**Exercise**
Look below for the line that has "Монитор AOC C27G4Z2, 27". Set down the lines from there through the line that has "Rani_Pink_Embroidered_Cotton_Kurta_Pant_&_Dupatta_Set_for_Women", exactly as written.

**Extracted material**
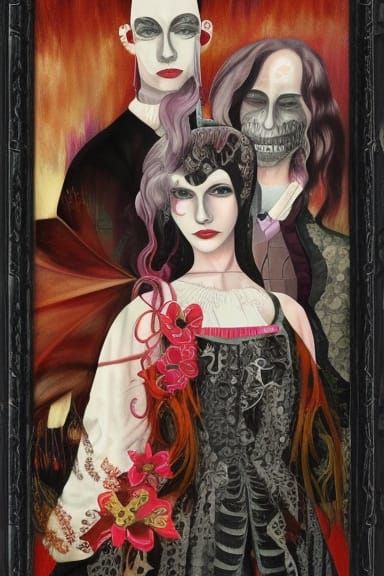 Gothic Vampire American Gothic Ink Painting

* * *

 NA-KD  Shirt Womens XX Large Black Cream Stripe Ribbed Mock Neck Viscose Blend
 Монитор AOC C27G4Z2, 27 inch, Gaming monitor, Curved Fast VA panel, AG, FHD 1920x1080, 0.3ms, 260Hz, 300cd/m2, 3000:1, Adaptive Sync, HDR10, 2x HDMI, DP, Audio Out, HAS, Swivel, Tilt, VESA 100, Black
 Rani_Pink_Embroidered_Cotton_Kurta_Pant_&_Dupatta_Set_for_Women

**Exercise result**
 Монитор AOC C27G4Z2, 27 inch, Gaming monitor, Curved Fast VA panel, AG, FHD 1920x1080, 0.3ms, 260Hz, 300cd/m2, 3000:1, Adaptive Sync, HDR10, 2x HDMI, DP, Audio Out, HAS, Swivel, Tilt, VESA 100, Black
 Rani_Pink_Embroidered_Cotton_Kurta_Pant_&_Dupatta_Set_for_Women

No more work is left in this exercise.